What did you use to cover the two outlit openings?


----------



## beelce (Jul 21, 2007)

Hey Sickie...I used white reflective vinyl decal material to cover the holes...because it helps me find the sensors in the dark with a flashlight, and I have lots of it on hand.... You can see in this pic that the camera flash really lights the vinyl up..The big washers are just cheap steal washers from home depot... I know I've said it before, but I will try to build a how-to for all that are interested.


----------



## Bone Dancer (Oct 7, 2005)

I would like to see a how-to on that for future use.

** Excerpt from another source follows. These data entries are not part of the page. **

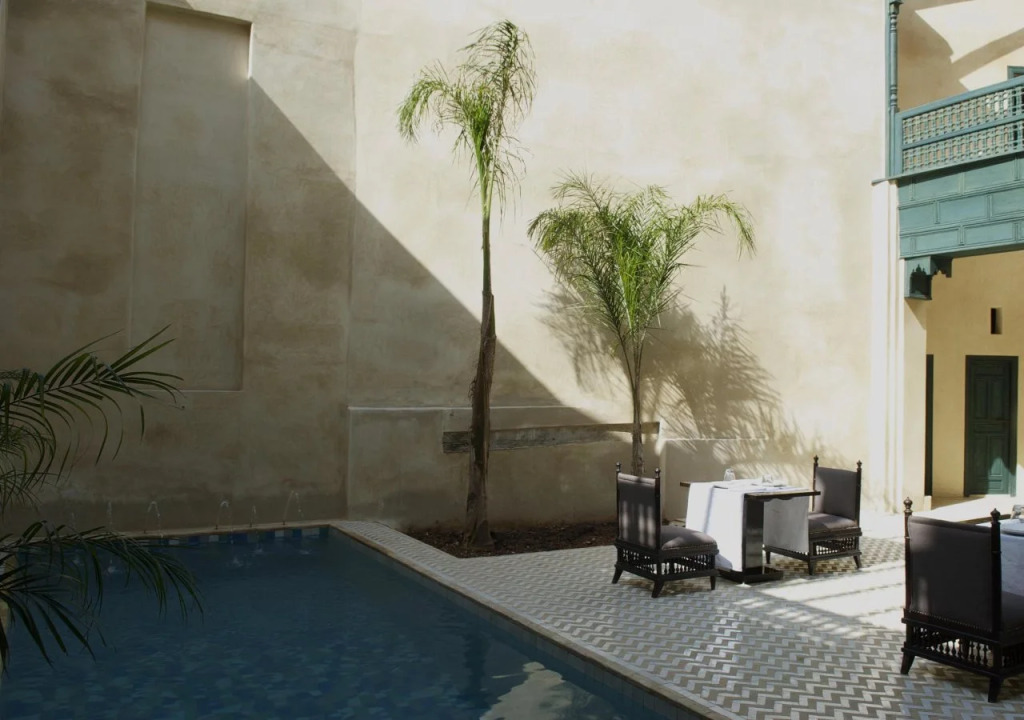 Hotel & Spa Dar Bensouda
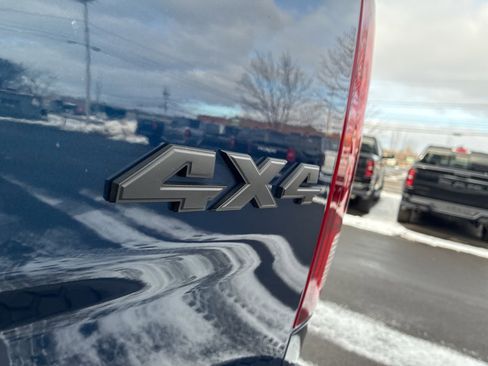 Used 2020 RAM 1500 Classic Warlock w/ Electronics Group image 14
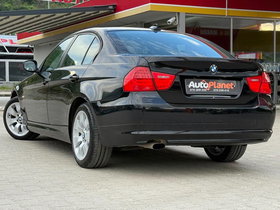 2011 Model BMW 3 Dizel Transmision Manuale Sedan 206.434 km - Në Shitje | Foto 6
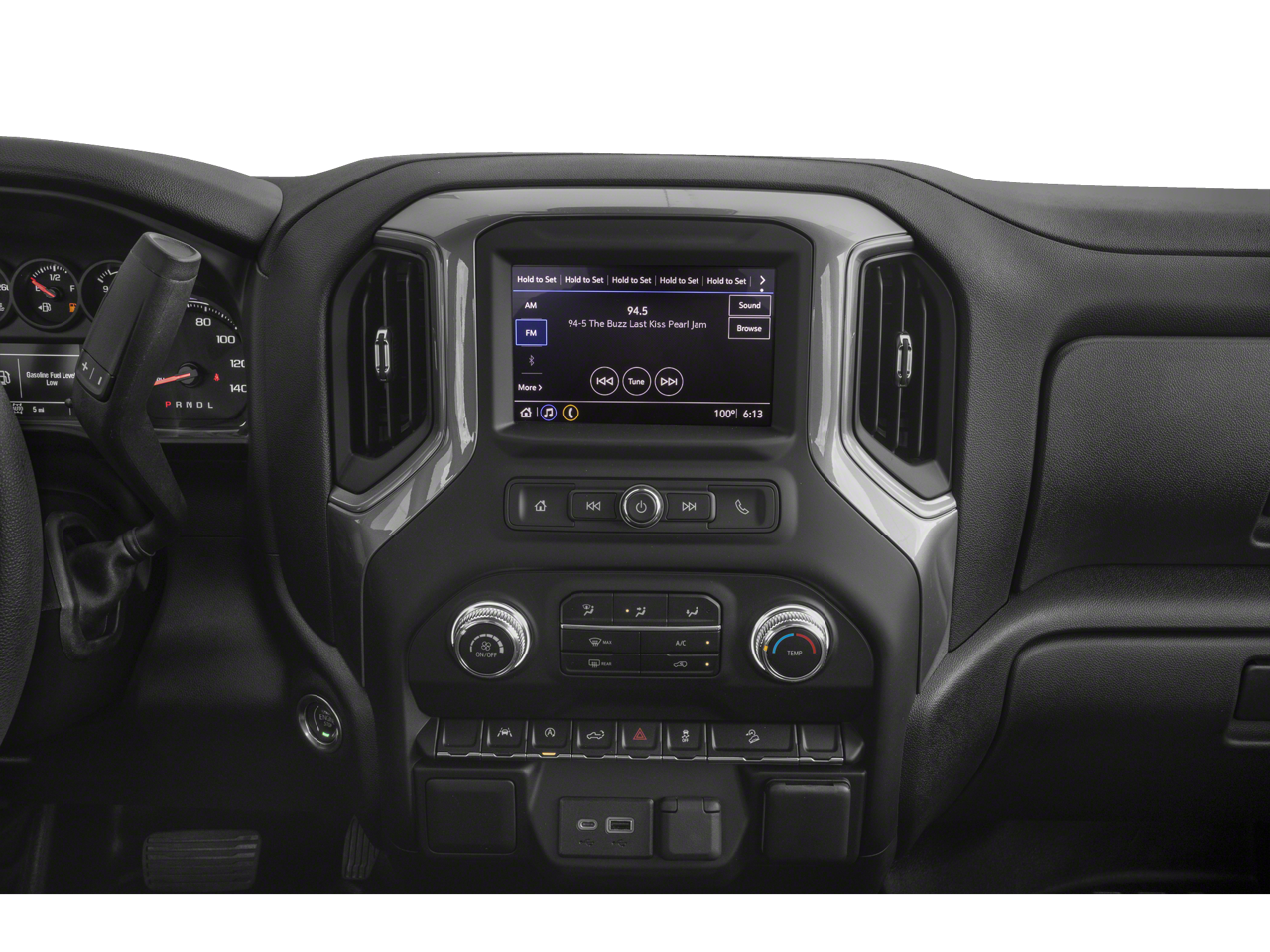 2024 GMC Sierra 1500 Base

Could you control a fogger with one of these switch systems?


----------



## Sickie Ickie (Jun 20, 2006)

I don't think you could. Most foggers require preheat time, and this would just be on for the motion sensor time and turn off.


----------



## Bone Dancer (Oct 7, 2005)

I was thinking about that part Sic, I was wondering if the fogger was already hot the motion sensor would control the pump instead of the timer setup that you can get for the fogger. But I am still not sure if it could be done.


----------



## Sickie Ickie (Jun 20, 2006)

couldn't you just attach a PIR as a switch for the button for fogging?


----------



## Dr Morbius (Sep 21, 2004)

Yes, this could work for a fogger, you just tap into the manual on button on the fogger control. They all have one, just don't use the timer. I've seen them used on Prop1, so it should work for the PIR.


----------



## Bone Dancer (Oct 7, 2005)

Ok, I think I understand what your saying. I will have to take a peek into the manual controler and see what the wiring looks like but it sounds like it should work. Thanks guys.


----------



## beelce (Jul 21, 2007)

Hey Dr.M and B D....I would like to try fogger control with these sensors also...let us know if it works for you...Thanks


----------



## The_Caretaker (Mar 6, 2007)

If the switch is a simple momentary switch you can where the relay in the POR is the switch


----------